Para resolver esses problemas da poesia, é certo, não existem dicionários,
mas deveriam existir. Creio que dona Maria Moliner, a inesquecível, teve
isso muito em conta quando fez para si uma promessa com muitos poucos
precedentes: escrever sozinha, em sua casa, com as próprias mãos, o
dicionário de uso do espanhol. Escreveu nas horas que lhe deixavam livres
o emprego de bibliotecária e aquilo que ela considerava seu verdadeiro
ofício: remendar meias. O que queria no fundo era agarrar no vôo todas as
palavras desde que nasciam. “Especialmente todas as que encontro nos
jornais – conforme disse em uma entrevista –, porque ali vem o idioma
vivo, que está sendo usado, as palavras que têm que se inventar de
improviso”. Na verdade, o que essa mulher de fábula tinha tentado era uma
carreira de velocidade e resistência contra a vida.
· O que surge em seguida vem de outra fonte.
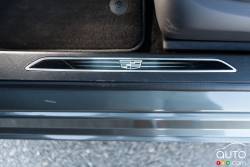 Garnissage des seuils de la Cadillac CT6 2016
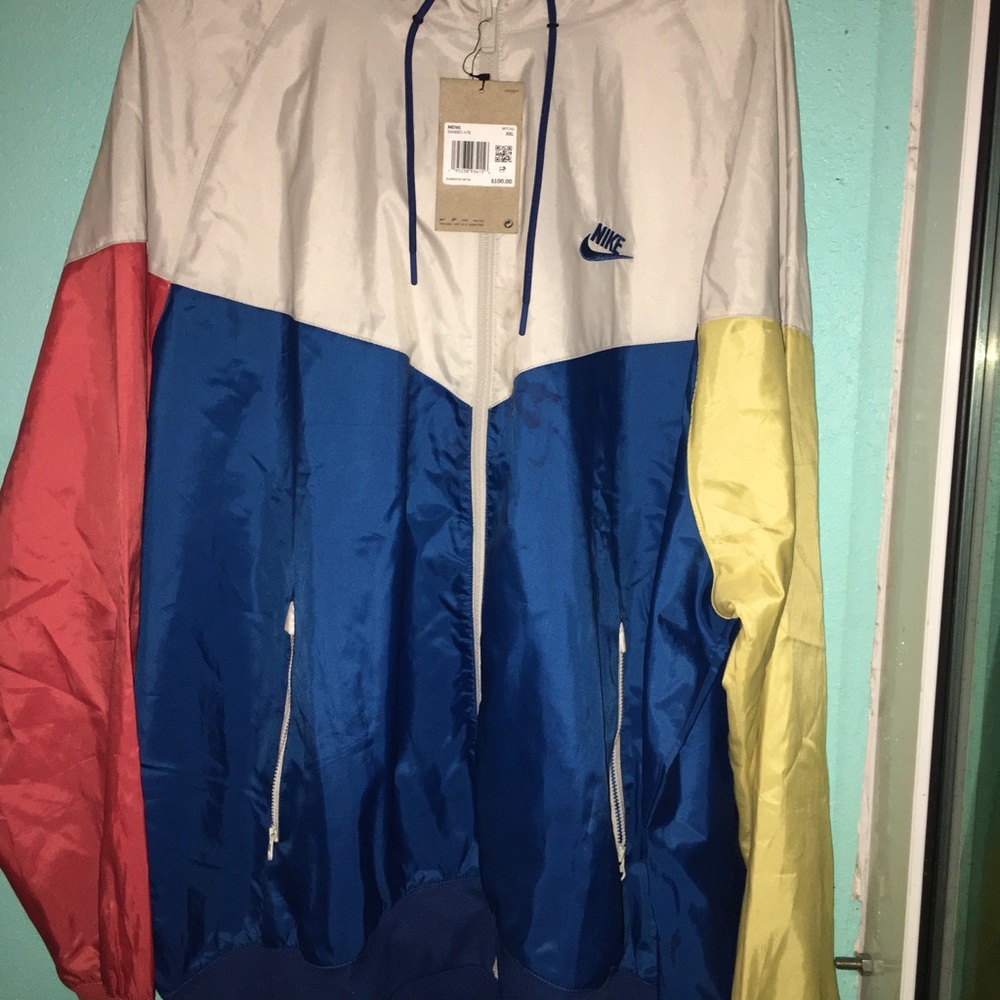 Nike men’s XXL jacket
Ou seja: uma
empreitada infinita, porque não são os acadêmicos nas academias que
inventam as palavras, e sim a gente da rua. Os autores dos dicionários
capturam-nas quase sempre tarde demais, embalsamam-nas por ordem
alfabética, e em muitos casos quando já não significam aquilo que pensaram
seus inventores.
Na realidade, todo dicionário de língua começa a se desatualizar desde
antes de ser publicado, e apesar dos muitos esforços que fazem seus
autores não conseguem alcançar as palavras em sua corrida em direção ao
esquecimento. Mas María Moliner demonstrou pelo menos que a empresa era
menos frustrante com os dicionários de uso. Ou seja, os que não esperam
que as palavras lhes cheguem à oficina, e sim, saem buscando-as, como é o
caso deste dicionário novo que chegou às minhas mãos ainda cheirando a
madeira de pinho e tinta fresca.
E cujo destino pode ser menos efêmero que o de tantos outros, se
descobrirmos a tempo que não há nada mais útil e nobre que os dicionários
feitos para que as crianças brinquem desde os cinco anos. E também, com um
pouco de sorte, os bons escritores até os cem.
tradução de Lucas Magdiel
GABRIEL GARCÍA MÁRQUEZ
é o lendário escritor de Cem Anos de Solidão e Memórias de Minhas Putas Tristes,
dentre outros. Como grande representante do chamado realismo maravilhoso,
recebeu em 1982, o prêmio Nobel da Literatura. Nascido em Aracataca, na
Colômbia, vive atualmente na Cidade do México, embora tenha sete
casas em cidades diferentes com a mesma decoração. O presente texto foi
escrito em 1997 a pedido da Ediciones SM, para figurar como prólogo do
dicionário Clave, de língua espanhola, e é inédito em português.